Coordinates: 35°16′46″N 82°20′47″W / 35.27944°N 82.34639°W / 35.27944; -82.34639 The Narrows of the Green is a 2.9-mile (4.7 km) section of the Green River, in Henderson County and Polk County, between the Big Hungry creek confluence and the Fishtop access area, in western North Carolina, United States. It is roughly 35 miles (56 km) south of downtown Asheville.

White water kayaking[edit]

The Green Narrows is best known for being one of the most extreme kayaking runs in the Eastern US. Water is released on a regular basis from the Tuxedo Power station with a 100% release being equivalent to 216 cubic feet per second (6.1 m3/s). This regular flow allows for year-round kayaking and is part of the reason the Green is such a notorious and well known river.
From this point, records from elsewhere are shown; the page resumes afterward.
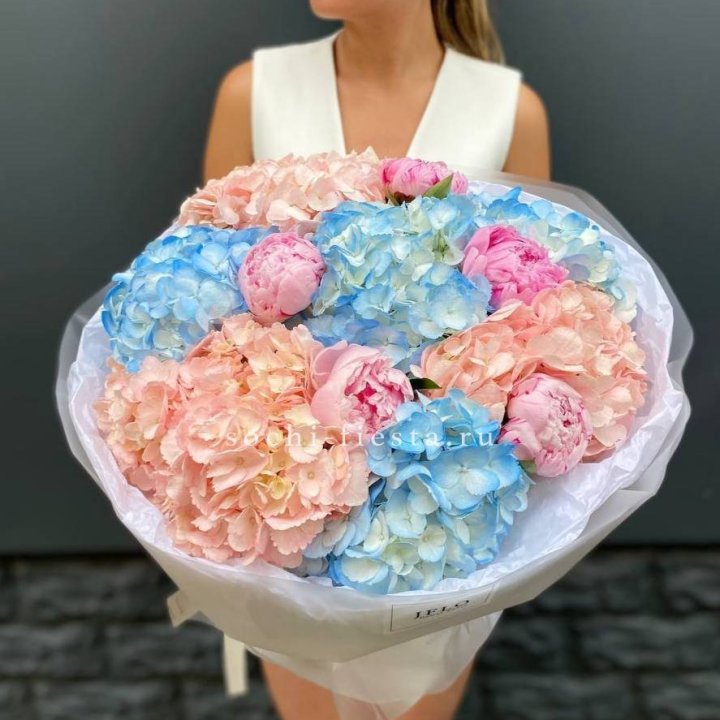 Дуобукет гортензии с пионами  в Воронеже
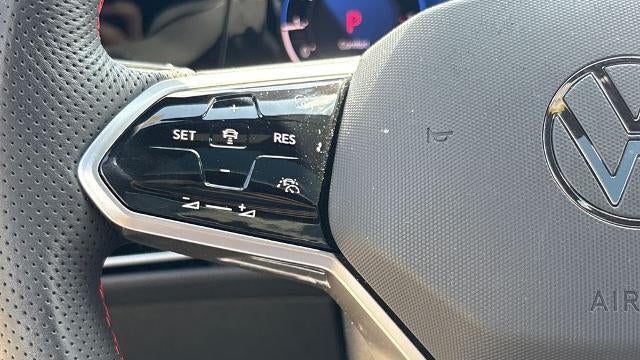2024 Volkswagen Golf GTI SE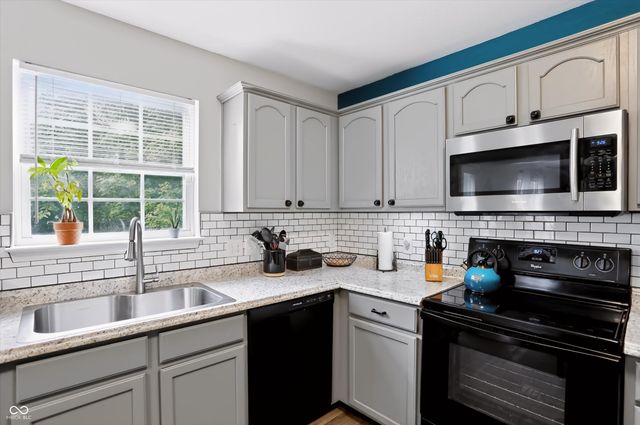 8394 S Shady Trail Drive, Pendleton, IN 46064
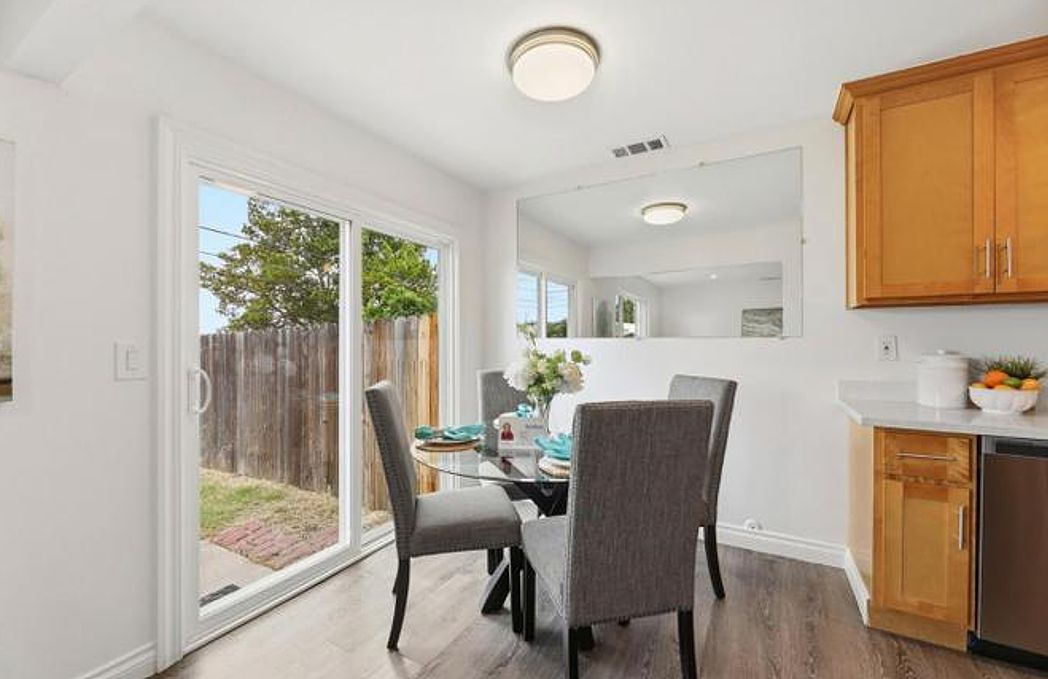 319 Lynn Ave photo 5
The river has an average gradient of 178 feet per mile (33.7 m/km or 3%) with a half mile (800 m) section dropping roughly 342 feet (104 m) and containing 11 major class IV+ to V+ rapids. Through this area the water often channels through extremely tight slots as narrow as 4 feet (1.2 m) wide as the river funnels through a stunning gorge. The three major rapids on the river ("The Big Three") are called "Go Left and Die", "Gorilla" and "Sunshine". Gorilla is considered the most visually impressive rapid on the river. It consists of the river funneling into a 4-foot (1.2 m)-wide slot ("The Notch") and is then immediately followed by an 18-foot (5.5 m) waterfall ("the flume") and then another 10-foot (3.0 m) waterfall ("Scream Machine"). Sunshine is considered the most difficult and dangerous rapid, and consists of a 14-foot (4.3 m) waterfall landing on a jagged rock shelf below. The route through Sunshine is about 4 feet (1.2 m) wide and mistakes here have been known to cause paralysis. The river gets considerably more difficult at higher water levels, however the Green has been run at up to 300% flows (over 30" on the stick gauge).
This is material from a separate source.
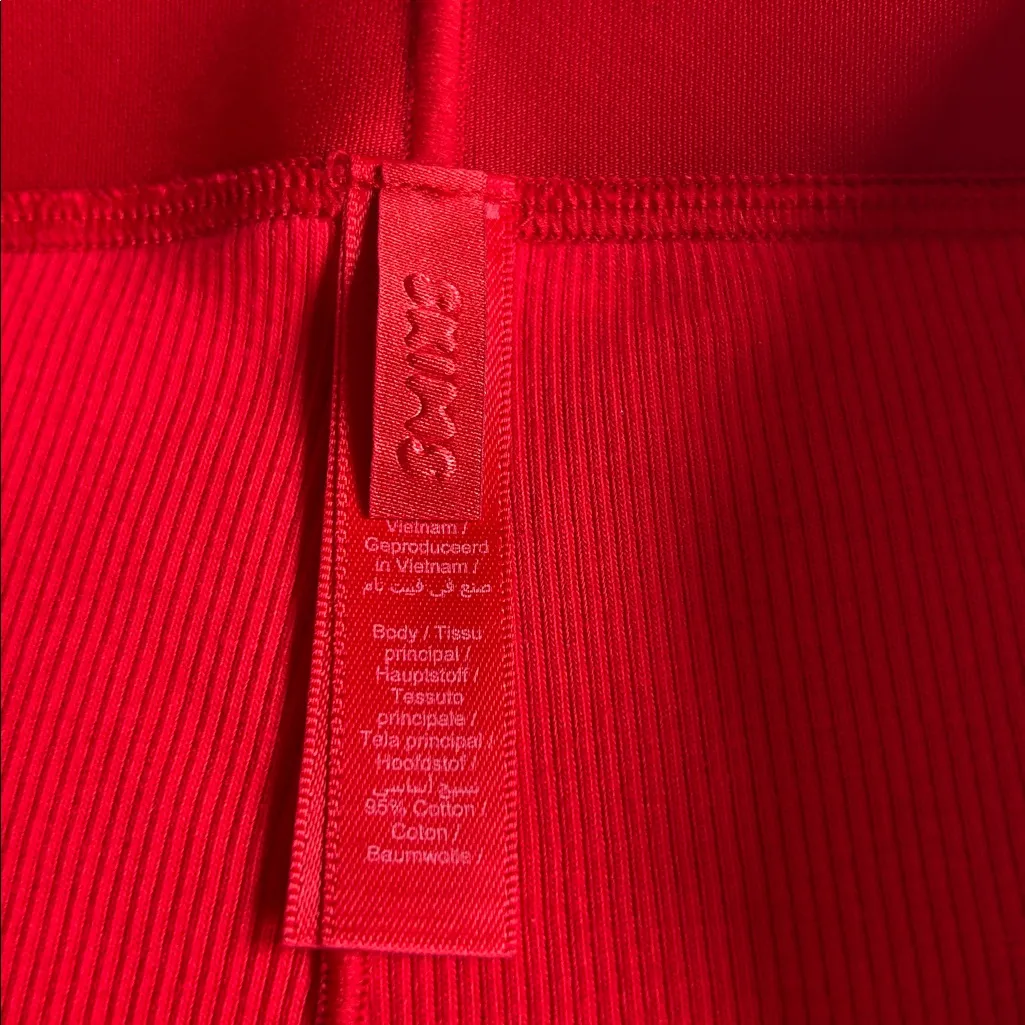 SKIMS Cotton Rib Boxer Shorts, Cranberry. Size Medium, NWOT Open package - Image 4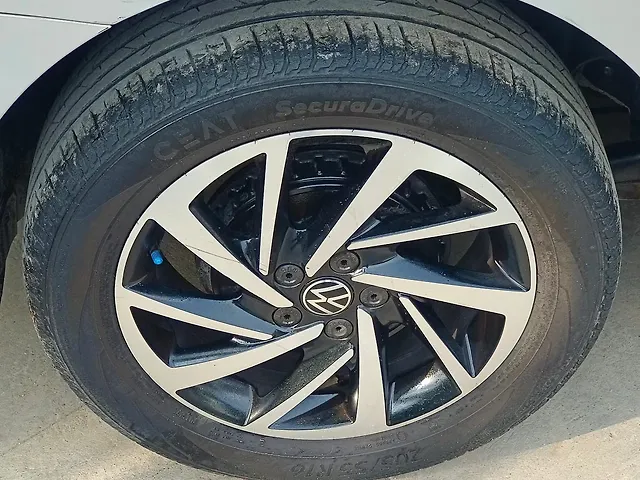 Used Volkswagen Virtus [2022-2023] Topline 1.0 TSI AT in Bangalore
On the first Saturday of November many of the best paddlers in the world descend on the Green to participate in the annual Green Race. The race is considered by many as the most competitive and coveted whitewater race on the planet. Since 1996, the staggering amount of video, blog posts, magazine articles, and mega-pixels captured by still cameras at the Green Race can not be estimated, nor can the nervousness of new contestants and the pride of participation.

However, it is only for an unknown reason and historical twist of fate that paddlers still have the Green River to enjoy today, for in 1906 it was nearly dammed in four places (instead of the one dam upstream built around 1921). The engineers for the four dam concept were Ladshaw and Ladshaw from Spartanburg, SC, and the now annual celebration of man's mysterious failure to advance is called "Ladshaw Day". At Ladshaw Day parties across the southeast, paddlers make the toast with no small amount of irony, humor, and gratitude: "To Ladshaw!".